Luke 1:15

1:15 for he will be great in the sight of the Lord. He must never drink wine or strong drink, and he will be filled with the Holy Spirit, even before his birth.

Luke 16:3

16:3 Then the manager said to himself, ‘What should I do, since my master is taking my position away from me? I’m not strong enough to dig, and I’m too ashamed to beg.

tn Grk “before.”

tn Grk “and he”; because of the length and complexity of the Greek sentence, the conjunction καί (kai) has not been translated here. Instead a new English sentence is begun in the translation.

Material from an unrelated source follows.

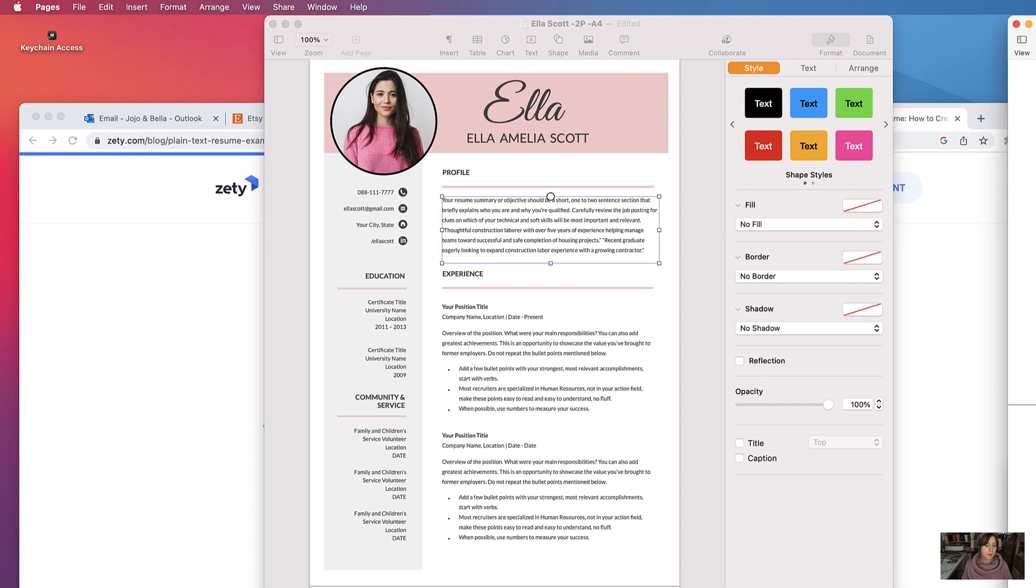Hello, so in this video I'm going to teach you how to edit your resume template in Apple Mac Pages.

tn Grk “even from his mother’s womb.” While this idiom may be understood to refer to the point of birth (“even from his birth”), Luke 1:41 suggests that here it should be understood to refer to a time before birth.

sn He will be filled with the Holy Spirit, even before his birth. This is the language of the birth of a prophet (Judg 13:5, 7; Isa 49:1; Jer 1:5; Sir 49:7); see 1:41 for the first fulfillment.

tn Here δέ (de) has been translated as “then” to indicate the implied sequence of events in the parable.

tn Grk “the stewardship,” “the management.”

tn Here “dig” could refer (1) to excavation (“dig ditches,” L&N 19.55) or (2) to agricultural labor (“work the soil,” L&N 43.3). In either case this was labor performed by the uneducated, so it would be an insult as a job for a manager.

tn Grk “I do not have strength to dig; I am ashamed to beg.”

sn To beg would represent a real lowering of status for the manager, because many of those whom he had formerly collected debts from, he would now be forced to beg from.